Sometimes, y’all, I just flounder around and drag my reading
with me. That’s what happened to these guys, although my putting them down is
ultimately (mostly) their fault. They allow themselves to be flounderable, so I
reserve the right to not finish them.
Still feels a bit like a defeat, though.
The Next Best Thing, by Jennifer Weiner
I fall for this every time it’s raining on a Sunday when I
don’t have anywhere to go after dinner – I wanna read something that feels good
instead of thinks, because I’ve been thinking all week and a fat lot of good
it’s done me so far. (It has, in fact, done me at least moderate good, but tell
Sunday Melanie that and she will just demand more paperbacks with brightly-colored
spines.)
Jennifer Weiner doesn’t go deep enough to feel good. Her
dialogue’s clever but her characters are too supported and her stories are
lacking any actual conflict to get the mildly invested I need to be to feel
vicariously awesome at her inevitable happy endings.
But every time, you guys. Every. Time. I think it’ll be
different. I blame her author interviews which are totally more
self-depricatingly inspiring than anything her “smartass” narrators ever come
up with.
The Corrections, by Johnathan Franzen
These all go back to trying to find the perfect comfort
read, which sounds perverse with this one, but seriously. I wanted a big chunk
of family angst that was familiar enough to not lose everything if I couldn’t
pay as strict attention as usual to all the details and real enough so I could
delve into someone else’s pain, and damned if Franzen isn’t like the best dude
currently for that. I mean like excruciatingly realistic.

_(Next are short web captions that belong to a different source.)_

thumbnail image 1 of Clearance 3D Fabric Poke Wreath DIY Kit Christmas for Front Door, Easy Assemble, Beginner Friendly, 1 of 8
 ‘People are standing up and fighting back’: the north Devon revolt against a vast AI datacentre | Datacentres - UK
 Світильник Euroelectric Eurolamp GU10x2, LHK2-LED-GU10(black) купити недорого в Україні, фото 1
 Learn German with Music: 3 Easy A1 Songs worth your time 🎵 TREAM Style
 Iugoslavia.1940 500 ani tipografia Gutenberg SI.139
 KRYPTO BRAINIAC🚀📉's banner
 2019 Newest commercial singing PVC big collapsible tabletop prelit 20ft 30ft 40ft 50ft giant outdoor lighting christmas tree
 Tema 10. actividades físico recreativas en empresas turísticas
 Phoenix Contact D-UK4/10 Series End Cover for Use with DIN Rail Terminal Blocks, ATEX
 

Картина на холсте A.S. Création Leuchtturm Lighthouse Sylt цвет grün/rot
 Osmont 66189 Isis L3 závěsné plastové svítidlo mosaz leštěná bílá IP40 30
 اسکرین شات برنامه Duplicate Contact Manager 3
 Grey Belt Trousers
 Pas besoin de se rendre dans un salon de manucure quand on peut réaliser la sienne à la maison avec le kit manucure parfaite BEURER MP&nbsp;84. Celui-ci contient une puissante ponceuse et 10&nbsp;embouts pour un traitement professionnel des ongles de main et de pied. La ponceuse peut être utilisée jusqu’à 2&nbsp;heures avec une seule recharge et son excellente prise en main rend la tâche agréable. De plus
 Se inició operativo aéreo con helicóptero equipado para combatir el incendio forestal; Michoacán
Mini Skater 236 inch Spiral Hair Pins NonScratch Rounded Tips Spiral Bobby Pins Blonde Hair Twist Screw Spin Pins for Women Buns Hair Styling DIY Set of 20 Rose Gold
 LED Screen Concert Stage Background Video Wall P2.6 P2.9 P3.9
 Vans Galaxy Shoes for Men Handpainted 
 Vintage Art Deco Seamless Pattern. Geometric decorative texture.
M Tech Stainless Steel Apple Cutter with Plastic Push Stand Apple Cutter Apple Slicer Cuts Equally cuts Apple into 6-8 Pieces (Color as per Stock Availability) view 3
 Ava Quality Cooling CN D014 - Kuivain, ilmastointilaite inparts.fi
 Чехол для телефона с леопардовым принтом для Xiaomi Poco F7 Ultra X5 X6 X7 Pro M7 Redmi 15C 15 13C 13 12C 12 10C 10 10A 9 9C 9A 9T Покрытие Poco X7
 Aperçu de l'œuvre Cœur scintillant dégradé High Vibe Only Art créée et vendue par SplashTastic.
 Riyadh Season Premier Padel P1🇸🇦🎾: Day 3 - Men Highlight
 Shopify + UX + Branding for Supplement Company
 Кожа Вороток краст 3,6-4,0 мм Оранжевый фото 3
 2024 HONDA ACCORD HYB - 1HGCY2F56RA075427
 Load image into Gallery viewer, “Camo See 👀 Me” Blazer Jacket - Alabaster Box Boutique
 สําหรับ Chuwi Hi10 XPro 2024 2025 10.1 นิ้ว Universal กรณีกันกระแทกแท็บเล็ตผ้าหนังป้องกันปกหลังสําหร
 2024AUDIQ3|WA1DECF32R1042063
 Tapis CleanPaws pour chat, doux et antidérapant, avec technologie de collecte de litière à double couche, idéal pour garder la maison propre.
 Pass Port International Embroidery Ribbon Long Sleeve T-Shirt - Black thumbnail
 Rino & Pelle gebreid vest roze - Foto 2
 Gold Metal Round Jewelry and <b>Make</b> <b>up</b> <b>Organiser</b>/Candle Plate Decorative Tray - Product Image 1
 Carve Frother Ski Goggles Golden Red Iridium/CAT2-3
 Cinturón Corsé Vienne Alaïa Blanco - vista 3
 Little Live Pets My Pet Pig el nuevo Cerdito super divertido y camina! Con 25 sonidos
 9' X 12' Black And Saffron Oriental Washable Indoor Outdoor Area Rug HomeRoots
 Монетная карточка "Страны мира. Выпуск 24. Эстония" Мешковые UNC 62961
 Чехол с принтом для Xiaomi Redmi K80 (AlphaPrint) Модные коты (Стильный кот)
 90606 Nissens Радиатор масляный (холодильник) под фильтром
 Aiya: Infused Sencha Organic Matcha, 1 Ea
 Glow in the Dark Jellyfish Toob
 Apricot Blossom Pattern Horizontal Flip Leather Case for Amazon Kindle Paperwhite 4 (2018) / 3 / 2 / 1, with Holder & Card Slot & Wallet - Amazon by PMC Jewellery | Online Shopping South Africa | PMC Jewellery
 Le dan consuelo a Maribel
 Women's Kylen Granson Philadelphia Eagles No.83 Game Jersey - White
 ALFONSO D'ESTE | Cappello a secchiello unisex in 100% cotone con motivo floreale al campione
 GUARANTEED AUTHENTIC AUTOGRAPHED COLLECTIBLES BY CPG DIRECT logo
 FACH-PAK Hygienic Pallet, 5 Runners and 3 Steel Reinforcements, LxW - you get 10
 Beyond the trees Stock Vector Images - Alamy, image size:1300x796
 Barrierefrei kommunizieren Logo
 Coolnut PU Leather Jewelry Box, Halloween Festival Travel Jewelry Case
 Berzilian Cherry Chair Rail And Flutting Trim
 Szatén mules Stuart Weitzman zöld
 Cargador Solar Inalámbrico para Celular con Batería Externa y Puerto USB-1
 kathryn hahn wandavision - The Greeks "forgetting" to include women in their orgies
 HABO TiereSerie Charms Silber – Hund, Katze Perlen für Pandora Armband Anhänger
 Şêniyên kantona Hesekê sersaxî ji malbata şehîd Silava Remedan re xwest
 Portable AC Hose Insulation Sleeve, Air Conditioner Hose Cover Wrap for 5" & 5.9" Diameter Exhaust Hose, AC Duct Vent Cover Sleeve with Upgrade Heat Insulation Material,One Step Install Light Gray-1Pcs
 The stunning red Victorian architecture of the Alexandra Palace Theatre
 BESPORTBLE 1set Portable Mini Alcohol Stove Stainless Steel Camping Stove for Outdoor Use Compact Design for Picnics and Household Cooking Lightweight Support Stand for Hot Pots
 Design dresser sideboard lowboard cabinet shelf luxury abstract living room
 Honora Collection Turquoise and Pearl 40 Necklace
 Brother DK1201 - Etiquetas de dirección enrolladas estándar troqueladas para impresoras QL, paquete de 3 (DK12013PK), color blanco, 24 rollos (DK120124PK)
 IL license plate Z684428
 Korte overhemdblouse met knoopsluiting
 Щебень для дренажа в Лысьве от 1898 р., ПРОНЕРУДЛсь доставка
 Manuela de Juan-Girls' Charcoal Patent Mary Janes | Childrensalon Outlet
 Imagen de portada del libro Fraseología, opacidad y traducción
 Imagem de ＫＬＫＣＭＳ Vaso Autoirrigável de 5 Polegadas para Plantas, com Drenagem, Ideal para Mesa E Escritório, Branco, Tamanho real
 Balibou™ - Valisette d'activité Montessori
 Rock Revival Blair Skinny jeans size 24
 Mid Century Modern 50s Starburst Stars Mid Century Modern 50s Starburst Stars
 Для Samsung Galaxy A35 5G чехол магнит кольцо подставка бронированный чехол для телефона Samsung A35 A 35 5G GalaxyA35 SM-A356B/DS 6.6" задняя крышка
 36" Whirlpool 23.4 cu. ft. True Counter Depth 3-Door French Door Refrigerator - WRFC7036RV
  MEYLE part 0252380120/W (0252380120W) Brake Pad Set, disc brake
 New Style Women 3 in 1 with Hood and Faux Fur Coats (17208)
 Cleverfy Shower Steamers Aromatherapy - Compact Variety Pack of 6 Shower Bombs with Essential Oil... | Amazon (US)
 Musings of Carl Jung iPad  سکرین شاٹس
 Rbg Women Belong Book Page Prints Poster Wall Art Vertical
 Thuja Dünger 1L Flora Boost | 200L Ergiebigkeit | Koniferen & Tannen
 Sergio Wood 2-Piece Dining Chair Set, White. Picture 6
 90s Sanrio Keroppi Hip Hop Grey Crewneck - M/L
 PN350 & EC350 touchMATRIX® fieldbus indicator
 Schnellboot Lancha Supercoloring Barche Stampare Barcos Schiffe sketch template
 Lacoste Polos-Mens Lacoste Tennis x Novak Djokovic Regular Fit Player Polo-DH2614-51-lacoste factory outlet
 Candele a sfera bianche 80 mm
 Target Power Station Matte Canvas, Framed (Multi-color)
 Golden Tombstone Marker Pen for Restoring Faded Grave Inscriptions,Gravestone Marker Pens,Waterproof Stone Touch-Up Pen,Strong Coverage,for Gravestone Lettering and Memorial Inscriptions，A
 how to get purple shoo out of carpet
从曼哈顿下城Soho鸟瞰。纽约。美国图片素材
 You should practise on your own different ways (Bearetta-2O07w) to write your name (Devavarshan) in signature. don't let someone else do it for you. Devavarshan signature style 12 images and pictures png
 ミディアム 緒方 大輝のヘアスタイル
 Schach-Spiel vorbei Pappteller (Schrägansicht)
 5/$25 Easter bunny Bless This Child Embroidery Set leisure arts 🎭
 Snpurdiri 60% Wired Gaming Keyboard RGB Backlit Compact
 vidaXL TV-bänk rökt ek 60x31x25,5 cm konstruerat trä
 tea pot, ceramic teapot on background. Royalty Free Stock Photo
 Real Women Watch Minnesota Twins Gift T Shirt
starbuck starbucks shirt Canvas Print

Reading as, like,
exfoliating with that bathroom sandpaper-on-a-washcloth kind of stuff.
I read The Corrections awhile back, as a random pick from my
NA library when I still lived there, and it wasn’t the book’s fault this time
because it’s exactly as described above and worked just as well as I thought it
would; only turns out I didn’t need it nearly as long as it was taking to read
the book. So I’m taking it back about half-read but actually sort of happy
about that.
Cheerful Money: Me, My Family, and the Last Days of WASP
Splendor, by Tad Friend
My Franzen craving flared up real hard at a branch that
didn’t have The Corrections at the moment, so I picked this up as sort of the
memoir-equivalent of what I remember The Corrections being about. It’s not;
it’s a gentle poke at WASP culture that never gets wry enough to offer any real
insight, and at least once a chapter (of the couple I read) devolves into a
list of historic names and places that are dizzying and, again, not presented
with near enough context as to why we’re supposed to care either as honest
admirers or smug derivers.
An Arsonist’s Guide to Writers’ Homes in New England (audio
book version), by Brock Clarke
I checked this out for the ride to and from NA when I went
to visit my parents last month because I can’t handle music right now. So,
words! Words of a book I’ve been curious about for awhile! But oh geez this
turns – not depressing, but extremely repetitious about the depressing parts of
the story. Like, seriously, this is a really good argument for that editing
trick of reading your stories out loud, because it circles back around to the
same point so many times I just couldn’t do it. And it pairs that oddly with
that trick of telling great chunks of time – seemingly important time to
character/plot development, I mean you gotta be picky about this, I know, but a
little more how-did-we-get-here and a little less oh-shit-what-have-I-done,
okay? – in single paragraphs or pages. (Well, like I know how long a page
sounds. Whatever.)
Maybe I’d like it better if I read the words myself, but for
now I’m handing it back in and listening to Sports Talk.